Um deles chega atrasado. Não muito, cerca de dez minutos. O outro está tranqüilo tomando um café, um semblante de confiança, como se esperasse sua presa que tarda, mas não falha. E ela chega.

Sentam-se simultaneamente, cumprimentam-se. O atrasado ainda se dá o luxo de preencher a planilha antes de iniciar de fato a partida. Ele está de pretas e anota calmamente o lance branco. Respira fundo, cumprimenta novamente o adversário. E agora começará.

Ambos estão jogando ao toque. Isso significa que ambos estão querendo demonstrar que sabem o que estão fazendo, e sabem tanto que são capazes de fazê-lo rápido, sem pensar, demonstrando que muito já foi pensado antes dessa movimentação automática das peças. E isso se segue até o 19° lance: Tec! Tec! Tec! Tec! Tec! Tec! O relógio não tem tempo nem para respirar.

Um silêncio repentino. Fúnebre. Finalmente ela chegou, a surpresa. Acabou a teoria, hora de pensar. Um lance inesperado, completamente inesperado. O pontual de arruma na cadeira, e o atrasado olha vagarosamente seu adversário sentado ali, bem a sua frente, com certo ar de crueldade, de quem sabe que ali alcançou alguma superioridade.

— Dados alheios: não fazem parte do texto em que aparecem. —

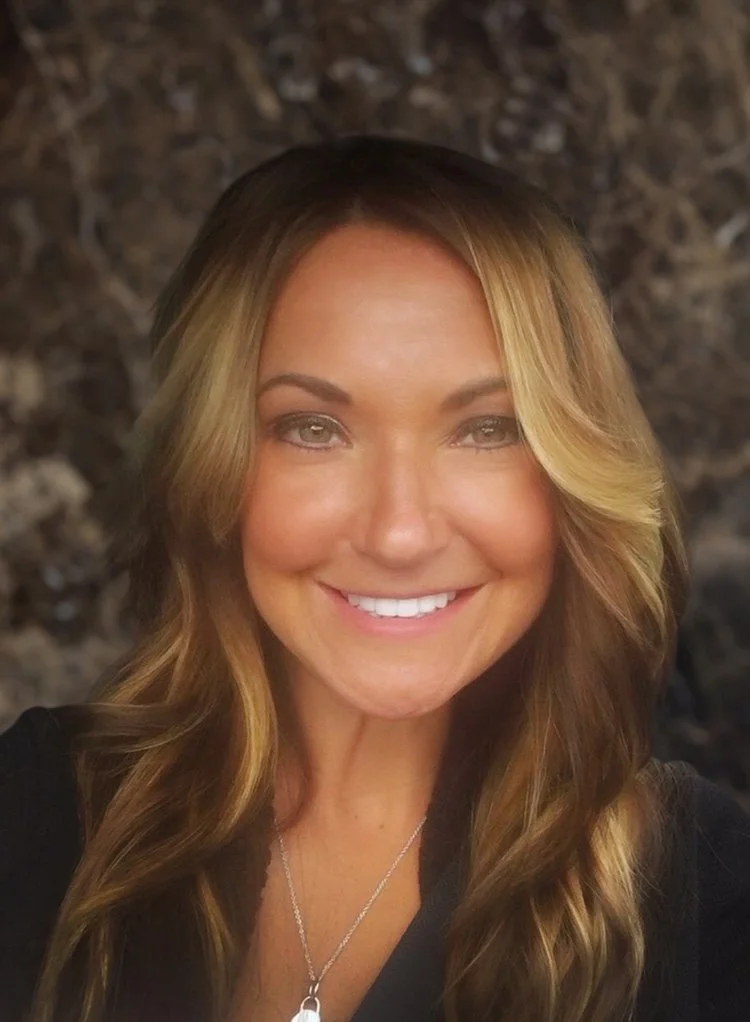 Smiling woman with long highlighted brown hair wearing a black top and silver necklace, standing in front of a textured rock wall.
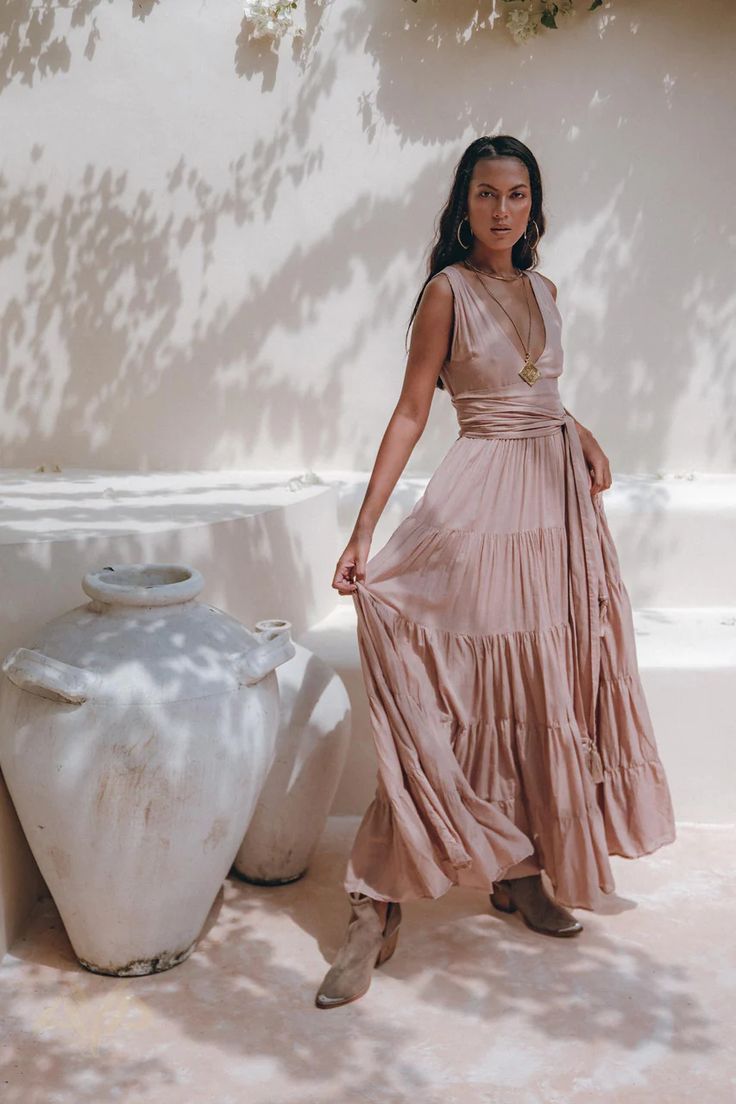a woman in a long, flowing, tiered, pink maxi dress stands outdoors against a white wall.  she is wearing gold jewelry, including a necklace and earrings, and brown ankle boots. the dress has a wrap style bodice and a layered skirt.  the setting appears to be a garden, with large white pots or vases nearby.  the sunlight casts shadows on the wall and the woman. the overall style is bohemian or bohochic.
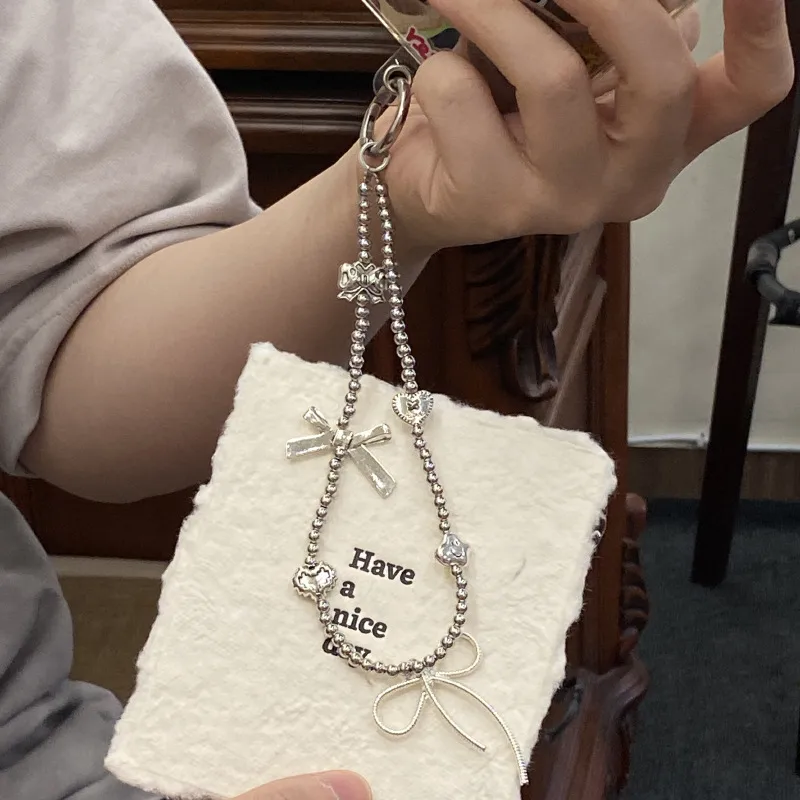 Silver Butterfly Knot Beaded Phone Chain New Ins Girl Ccd Lanyard Bag Pendant Cool Original Design Minimalist Style display picture 10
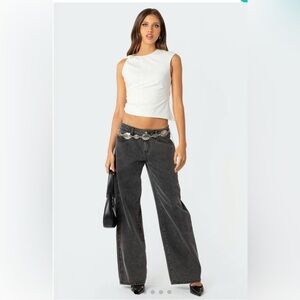 Trendy White Sleeveless Top and Black Wide-Leg Jeans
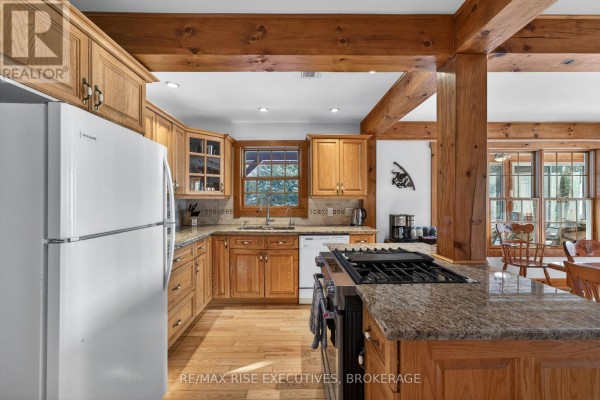 Kitchen with white refrigerator, wood cabinets, granite counters, and gas range. - 1093b Two Loon Lane, Frontenac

A velocidade com que ele movimenta os olhos do tabuleiro para o rosto de seu adversário parece ensaiada de tão perfeitamente contínua. O atrasado toma um gole de café. Fica observando. O pontual quase não se move. Se não fossem seus olhos atentos e agitados que acompanham as casas do tabuleiro de maneira aparentemente desconexa, ele estaria imóvel naquela cadeira. Seu café está esfriando e ele nem se importa. A surpresa agindo...

Não me lembro o resultado desta partida com certeza. Se não estiver enganada, foi um empate. Mas da cena, essa sim, me lembrarei sempre. Com detalhes.